In E&M, we break the arbitrary looking charge distribution into multipoles with the hopes of drawing as much of the sheep as we need with as few details as possible. The multipoles look like:
0. the monopole, the offset that affects the E field in all directions the same way
1. the dipole, the description of how different two halves of the field would be if you drew a symmetry line right down the center
2. the quadrupole, a similar concept to the dipole, but instead of affecting two directions differently, you affect four directions
And you can keep going to as high of a multipole as you want (technically, you need to go to infinity to perfectly redraw an arbitrary sheep, but this isn't useful when we're just trying to predict system certain properties to within a finite precision to begin with).
Summary
A multipole expansion of anything is just breaking it down into a preferred basis. If we picked a good basis, we only need the first few multipoles because after that we're just touching up details we'll never need. Some multipoles are so useful we give them names, like the E&M charge distribution that affects everything isometrically (total charge) and antisymmetrically (dipole).
Best Answer
Yes, that's correct. It is similar to the Fourier series where a periodic function is rebuilt using a basis of oscillating functions. The Fourier decomposition translates a periodic function of one continuous variable into a function of a discrete variable (an index).

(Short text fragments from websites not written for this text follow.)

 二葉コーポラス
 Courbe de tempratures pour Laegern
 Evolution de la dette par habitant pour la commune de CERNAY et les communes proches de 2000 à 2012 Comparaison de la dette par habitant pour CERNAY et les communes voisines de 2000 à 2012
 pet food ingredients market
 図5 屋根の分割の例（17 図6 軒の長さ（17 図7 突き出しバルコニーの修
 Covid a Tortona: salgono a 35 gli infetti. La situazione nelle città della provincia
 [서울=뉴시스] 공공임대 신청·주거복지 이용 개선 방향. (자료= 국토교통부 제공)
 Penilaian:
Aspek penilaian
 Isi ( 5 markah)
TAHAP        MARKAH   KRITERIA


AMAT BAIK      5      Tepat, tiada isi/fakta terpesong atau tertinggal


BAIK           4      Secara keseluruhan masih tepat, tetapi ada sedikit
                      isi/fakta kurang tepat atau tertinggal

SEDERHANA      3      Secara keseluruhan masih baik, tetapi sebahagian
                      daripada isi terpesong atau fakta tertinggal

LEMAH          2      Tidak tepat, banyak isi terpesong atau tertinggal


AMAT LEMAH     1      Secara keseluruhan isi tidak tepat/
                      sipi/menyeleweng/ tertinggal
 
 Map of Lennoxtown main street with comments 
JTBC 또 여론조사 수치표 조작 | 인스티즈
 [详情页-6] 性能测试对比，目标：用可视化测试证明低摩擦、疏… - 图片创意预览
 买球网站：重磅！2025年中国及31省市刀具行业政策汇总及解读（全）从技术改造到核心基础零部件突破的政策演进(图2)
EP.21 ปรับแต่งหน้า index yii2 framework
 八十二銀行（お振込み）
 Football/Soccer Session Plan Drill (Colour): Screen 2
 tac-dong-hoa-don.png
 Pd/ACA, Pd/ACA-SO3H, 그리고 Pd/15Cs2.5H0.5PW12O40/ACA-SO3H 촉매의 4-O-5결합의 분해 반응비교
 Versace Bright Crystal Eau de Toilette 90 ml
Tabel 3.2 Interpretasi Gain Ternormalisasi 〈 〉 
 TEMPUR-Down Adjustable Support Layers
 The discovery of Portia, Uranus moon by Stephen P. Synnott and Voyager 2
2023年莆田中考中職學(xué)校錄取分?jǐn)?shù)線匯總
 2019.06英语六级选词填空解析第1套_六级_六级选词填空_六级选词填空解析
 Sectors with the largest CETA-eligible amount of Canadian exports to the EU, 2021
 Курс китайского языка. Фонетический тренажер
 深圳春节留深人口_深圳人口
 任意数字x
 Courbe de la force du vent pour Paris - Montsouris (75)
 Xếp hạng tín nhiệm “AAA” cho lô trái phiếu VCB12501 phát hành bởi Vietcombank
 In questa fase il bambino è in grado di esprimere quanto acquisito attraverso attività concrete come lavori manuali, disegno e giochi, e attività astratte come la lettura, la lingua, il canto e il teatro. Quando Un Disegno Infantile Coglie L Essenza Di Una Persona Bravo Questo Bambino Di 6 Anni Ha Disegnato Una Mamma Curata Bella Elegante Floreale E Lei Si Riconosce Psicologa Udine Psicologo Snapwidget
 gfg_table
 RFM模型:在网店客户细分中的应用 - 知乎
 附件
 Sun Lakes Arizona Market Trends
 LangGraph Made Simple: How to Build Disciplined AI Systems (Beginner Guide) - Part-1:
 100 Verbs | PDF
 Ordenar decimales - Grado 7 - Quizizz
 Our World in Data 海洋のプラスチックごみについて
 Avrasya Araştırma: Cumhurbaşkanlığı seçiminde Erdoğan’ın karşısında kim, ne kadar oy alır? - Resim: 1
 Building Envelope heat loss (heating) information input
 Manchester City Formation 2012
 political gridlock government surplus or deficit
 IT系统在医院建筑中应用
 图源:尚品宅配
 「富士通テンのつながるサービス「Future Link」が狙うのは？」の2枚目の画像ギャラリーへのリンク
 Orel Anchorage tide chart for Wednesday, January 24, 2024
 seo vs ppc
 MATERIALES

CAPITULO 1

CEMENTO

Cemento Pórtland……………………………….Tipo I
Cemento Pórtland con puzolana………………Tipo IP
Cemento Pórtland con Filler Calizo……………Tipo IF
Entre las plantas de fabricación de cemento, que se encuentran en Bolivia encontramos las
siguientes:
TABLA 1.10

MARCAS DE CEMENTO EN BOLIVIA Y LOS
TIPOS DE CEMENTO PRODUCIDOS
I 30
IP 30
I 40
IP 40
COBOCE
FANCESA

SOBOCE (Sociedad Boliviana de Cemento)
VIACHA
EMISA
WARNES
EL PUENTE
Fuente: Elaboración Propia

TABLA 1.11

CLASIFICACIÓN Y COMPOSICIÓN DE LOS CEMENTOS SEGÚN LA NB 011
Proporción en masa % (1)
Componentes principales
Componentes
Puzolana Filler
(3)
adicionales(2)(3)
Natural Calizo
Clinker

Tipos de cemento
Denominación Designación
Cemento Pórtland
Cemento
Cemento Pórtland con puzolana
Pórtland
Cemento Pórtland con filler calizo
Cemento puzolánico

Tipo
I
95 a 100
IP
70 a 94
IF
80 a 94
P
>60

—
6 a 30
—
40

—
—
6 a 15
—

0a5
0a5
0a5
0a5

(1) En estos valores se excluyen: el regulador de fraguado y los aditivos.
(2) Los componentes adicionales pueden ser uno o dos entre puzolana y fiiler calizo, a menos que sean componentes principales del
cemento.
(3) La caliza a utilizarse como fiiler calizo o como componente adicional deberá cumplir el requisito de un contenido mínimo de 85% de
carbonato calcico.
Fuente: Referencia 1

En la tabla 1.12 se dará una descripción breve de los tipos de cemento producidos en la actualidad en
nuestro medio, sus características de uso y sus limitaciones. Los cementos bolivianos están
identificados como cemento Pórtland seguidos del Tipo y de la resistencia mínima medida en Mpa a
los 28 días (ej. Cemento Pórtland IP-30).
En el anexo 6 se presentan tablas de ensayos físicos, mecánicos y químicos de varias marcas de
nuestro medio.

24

If you consider a function of the two angles $\vartheta$ and $\varphi$, that is, a function whose argument is a direction pointing somewhere on a unit sphere, you can use the spherical harmonics as a basis. Here we have a function which is again periodic in its two variables and translate it into a function of two indices. This is used, for example, when analysing the cosmic microwave background which is described by a function $T(\vartheta, \varphi)$ giving the temperature of the background radiation depending on the direction in the night sky, you are pointing your detector at. You can get a set of coefficients $a_{lm}$ from a decomposition in spherical harmonics $Y^m_l(\vartheta,\varphi)$.
If you are interested in a function which is defined on whole $\mathbb{R}^3$, the different $l$-modes scale with some particular power of $r$. But this is specific to the particular function we are expanding, typically the function $\frac{1}{\vec r-\vec r'}$ which is the Green's function of the Laplace operator.